Return the line containing "LAMART LT8021 kanta za otpatke" together with every later line up to the end of the records, exactly and with no pictures; return nothing else.

##########

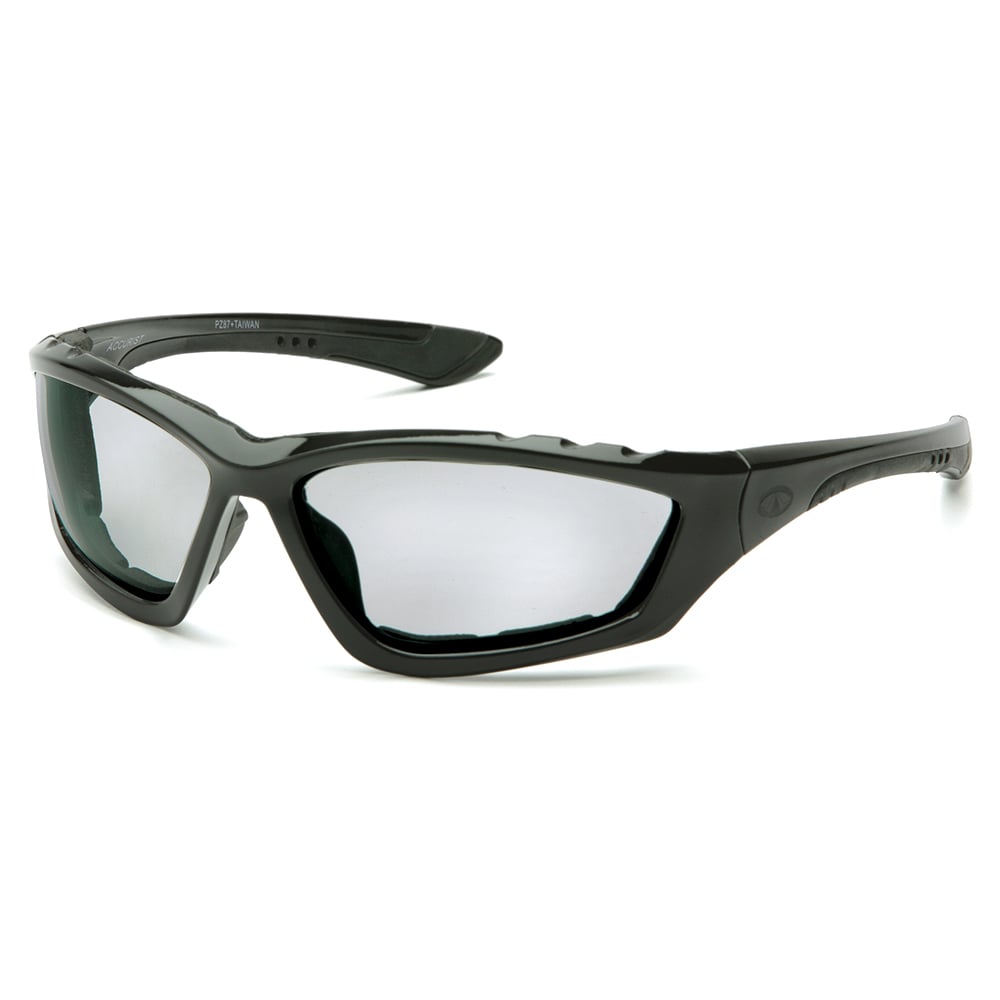 Pyramex Accurist Safety Glasses, 1 pair - Gorvex.com
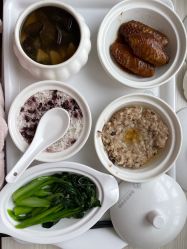 点击看大图 -明昇月子中心(番禺万达广场店)
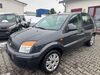 Ford Fusion Münster-Sarmsheim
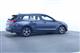 Billede af Hyundai i30 Cw 1,0 T-GDI Essential 120HK Stc 6g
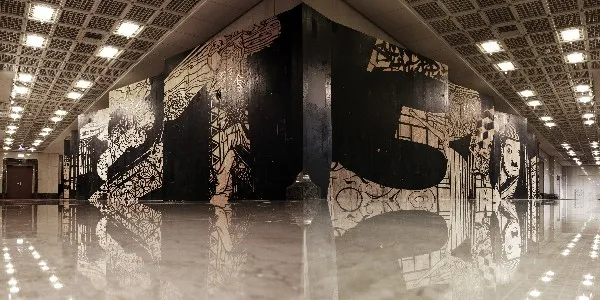 國家戲劇院_戲台咖_04.jpg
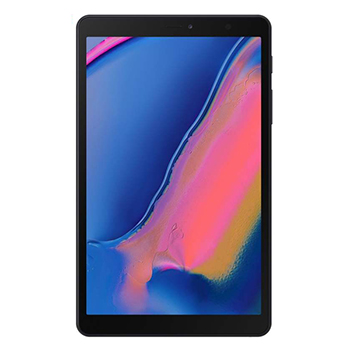 Samsung Galaxy Tab A 8.0 2019 LTE 32GB SM-P205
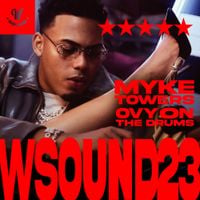 W Sound - 5 Estrellas (W Sound 23)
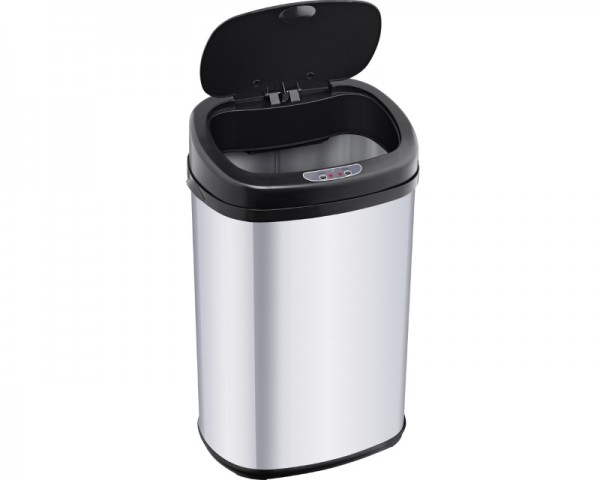 LAMART LT8021 kanta za otpatke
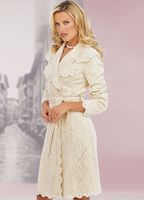 Veronika Varekova Sweatshirt #2165085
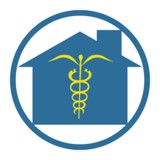 Resp-I-Care Home Medical Service - Other in Greeneville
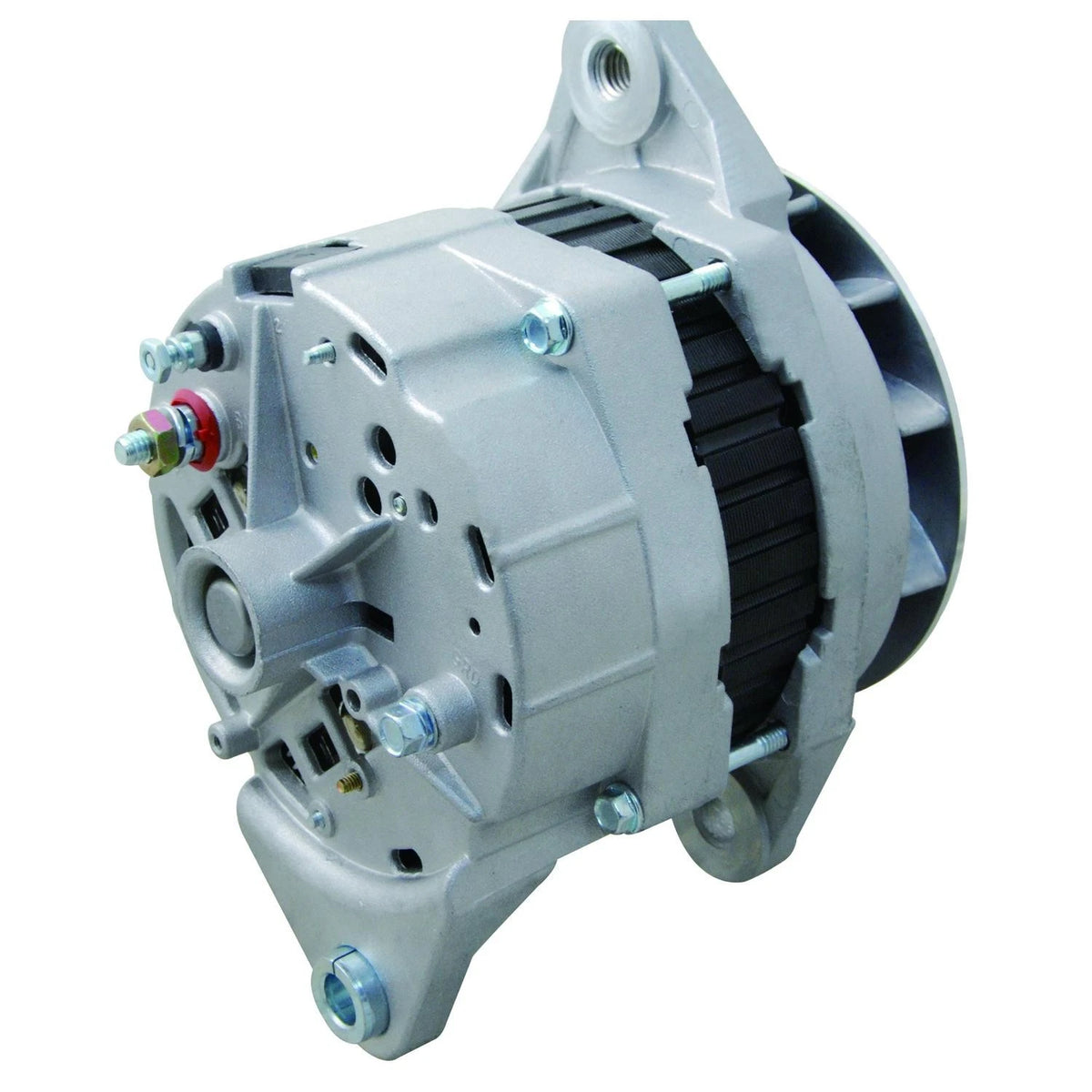Alternator for (90-01-4185, 7642NUSA, 1117915, ADR0280, 40012081R)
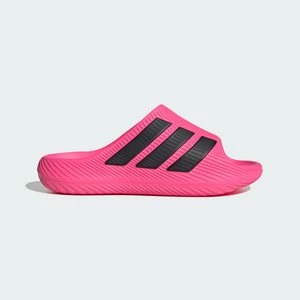 KLAPKI PURECHILL Adidas
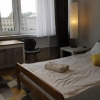Отель Smolna4you, фото 3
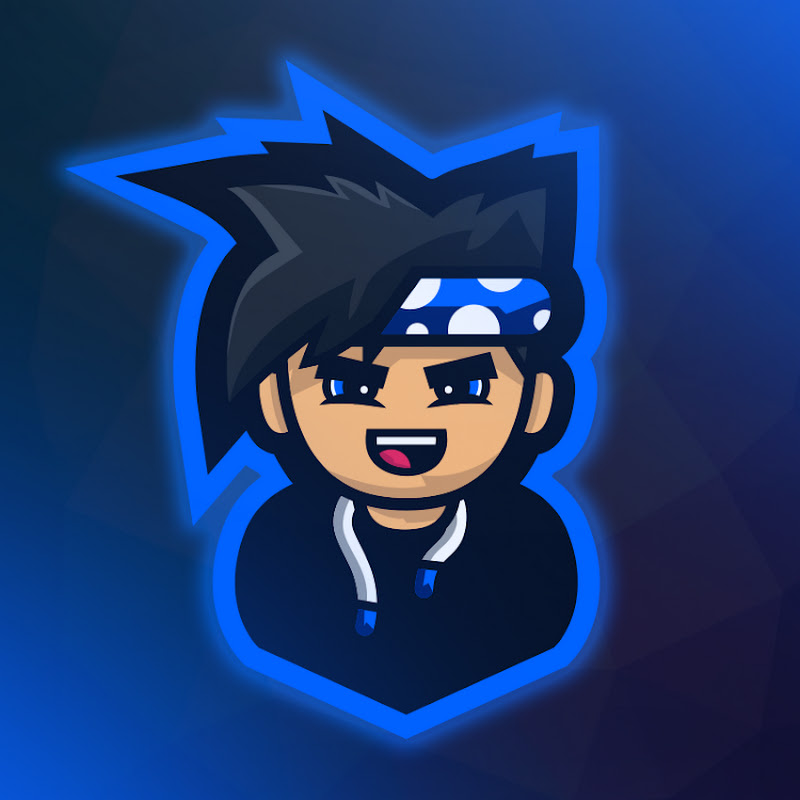 Latenci - Minecraft icon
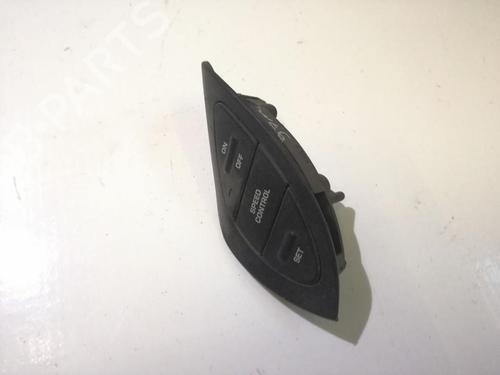 Used Switch Switch 35653418 35653418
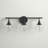 Olson 3 - Light Vanity Light-529659919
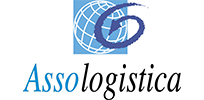 ASSOLOGISTIC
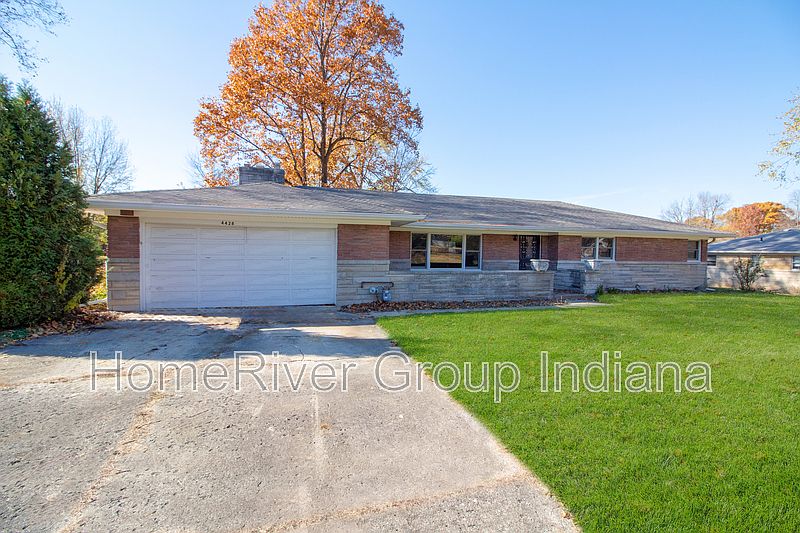 1st image of 4428 Eastbourne Dr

##########

= Task response =
 LAMART LT8021 kanta za otpatke
 Veronika Varekova Sweatshirt #2165085
 Resp-I-Care Home Medical Service - Other in Greeneville
Alternator for (90-01-4185, 7642NUSA, 1117915, ADR0280, 40012081R)
 KLAPKI PURECHILL Adidas
Отель Smolna4you, фото 3
 Latenci - Minecraft icon
 Used Switch Switch 35653418 35653418
 Olson 3 - Light Vanity Light-529659919
 ASSOLOGISTIC
 1st image of 4428 Eastbourne Dr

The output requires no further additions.